The degree of influence that Mazzone or Erickson had, or will have on what transpires with the Bearcats is extremely debatable. I find it relevant, but based off twitter replies I am sort of alone on that count. As spring practice has drawn on it has become apparent that this offense will be different, it won't be radically different than what Butch Jones and Mike Bajakian did.
One quote in particular from Tuberville in yesterday's report of practice caught my eye.
"Our offensive line made a ton of mistakes, but we're probably running four or five times more protections than they've ever run in their life."

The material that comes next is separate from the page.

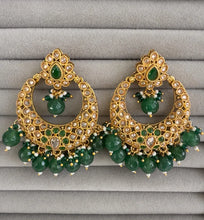 Green Gold chandbali polki Earrings/Indian Earrings/Traditional ethnic earring/South indian earrings/Indian Wedding/Pakistani Punjabi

That is almost certainly hyperbolic, but the essence of the point is true. With Jones and Bajakian the Bearcats ran two run concepts, the inside zone and its counter, the outside zone. On occasion the Bearcats would mix it up and throw a counter concept out there*. The inside/outside zone was the bread and butter, the counter was the change of pace. Three running concepts, and a few slide protections in the passing game that kept it simple for the offensive line, which was good considering the inherently complex task of trying to block eight people in perpetual motion.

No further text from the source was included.